Wickham ties the differences between messy and tidy datasets to one great Tolstoy quote: “Tidy data sets are all alike; every messy data set is messy in its own way.” I know this to be true even through my own limited experience! There are some common messy issues in datasets which he addresses in this paper: column headers as values, multiple variables in one column, variables in both rows and columns, different observational unit types in the same table, and single units stored in multiple tables. He goes through an example of each and shows how to reform the data so that each column is a variable and each row is an observational unit.

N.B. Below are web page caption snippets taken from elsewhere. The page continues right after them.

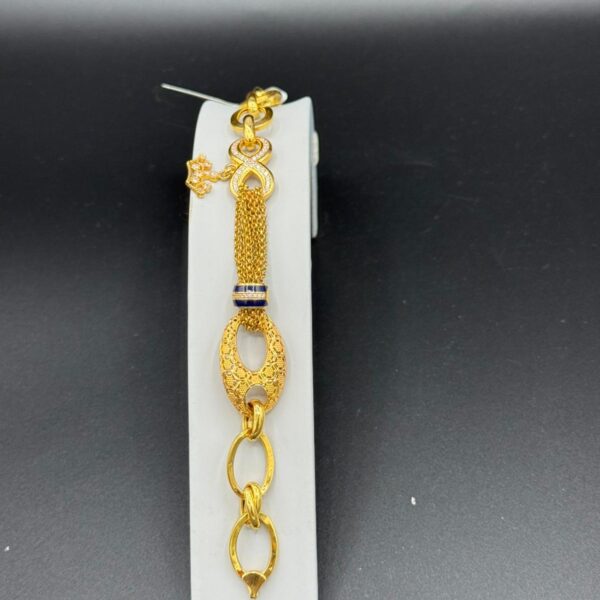 Özel Desenli Bileklik 22 Ayar Altın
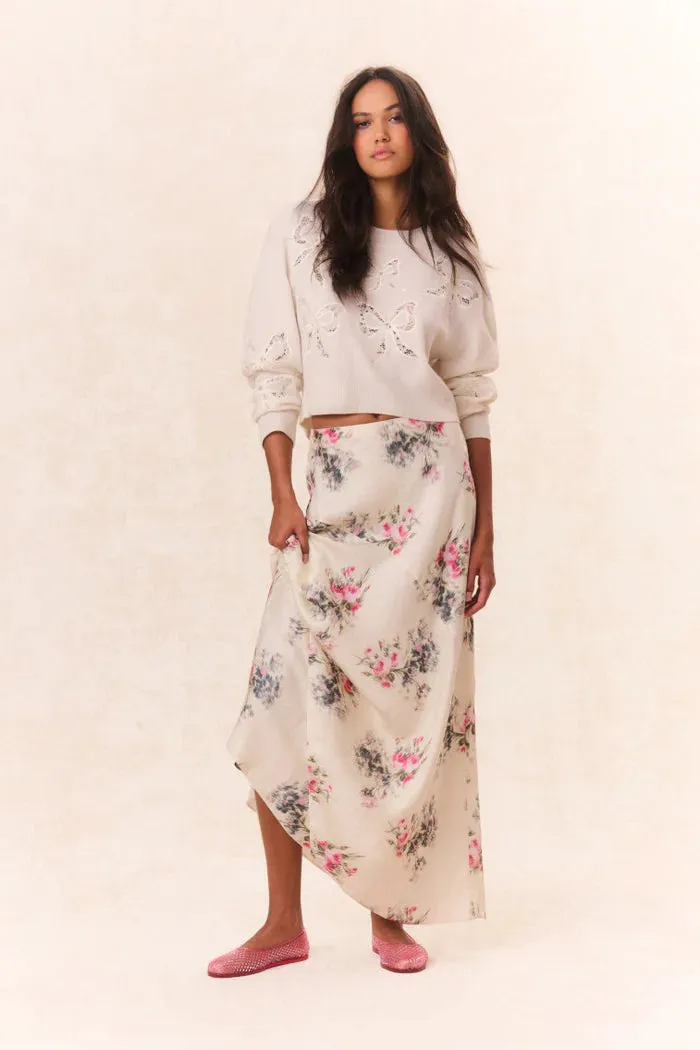 Love Shack Fancy Bertha Skirt - French Ivory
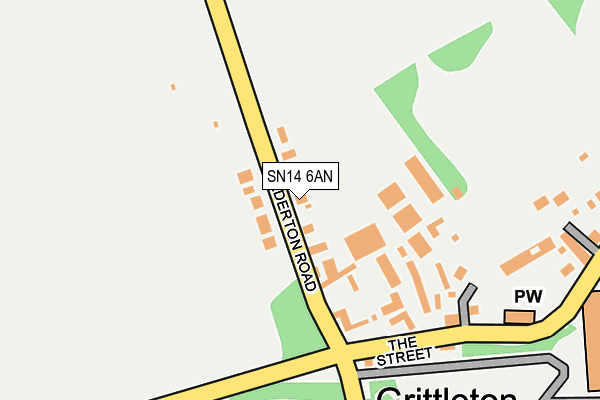 SN14 6AN map - OS OpenMap – Local (Ordnance Survey)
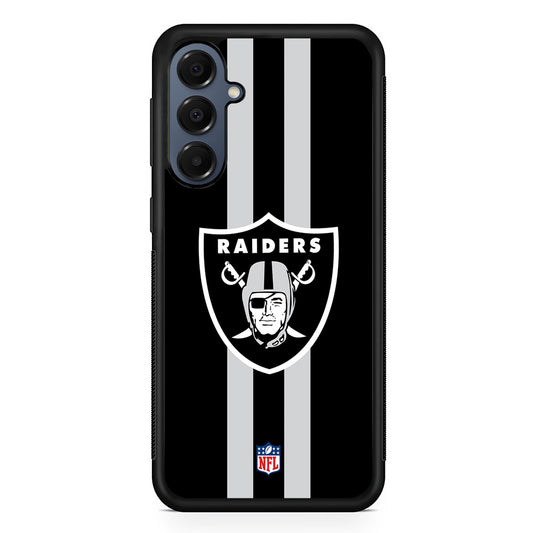 NFL Las Vegas Raiders Black Samsung Galaxy A16 Case | Slim Protective Cover for Samsung Galaxy A16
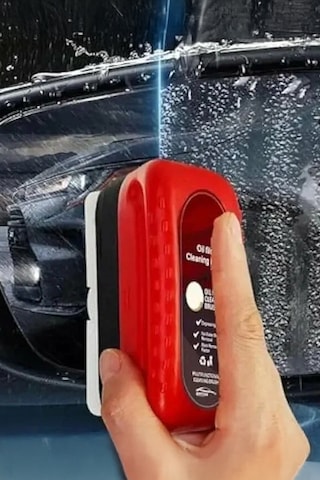 Thentech Çok Amaçlı Oto Cam Temizleyici Su Tutmaz İz Tutmaz Kir Tutmaz Sünger Cam Araç Araba Cam Temizleyici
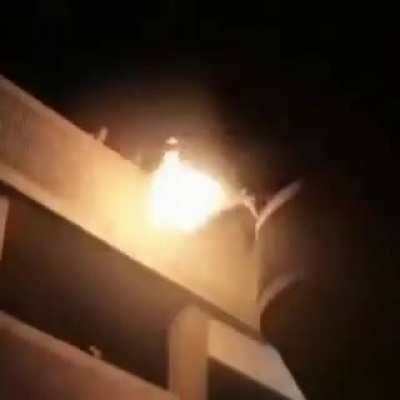 Perfectly timed fire breathing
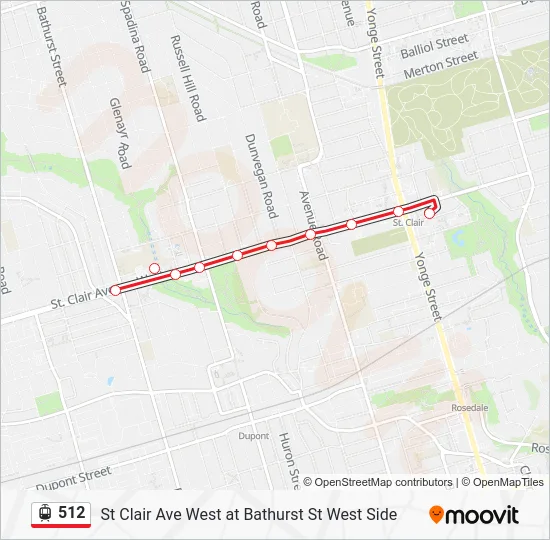 512 Streetcar Line Map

Then he discusses the types of tools that exist to analyze tidy data through manipulation, visualization, and modeling, all of which we have seen before in STAT 585X, so I won’t discuss them further. Next is a case study on analyzing a tidy dataset in different ways, and to close, a discussion of his philosophy with regards to tidy data, as well as problems that need to be addressed in the future. Among these is the “chicken-and-egg problem” in order for tidy and tidying tools to be created, they have to be tested on tidy datasets, which are created with tidying tools, so it’s easy to get stuck! Finally, he mentions other data cleaning tasks such as parsing dates an numbers, identifying missing values, correcting typos, and filling in structural missings, and proposes that the reader think of a way to solve them, because even Hadley Wickham can’t solve every data problem!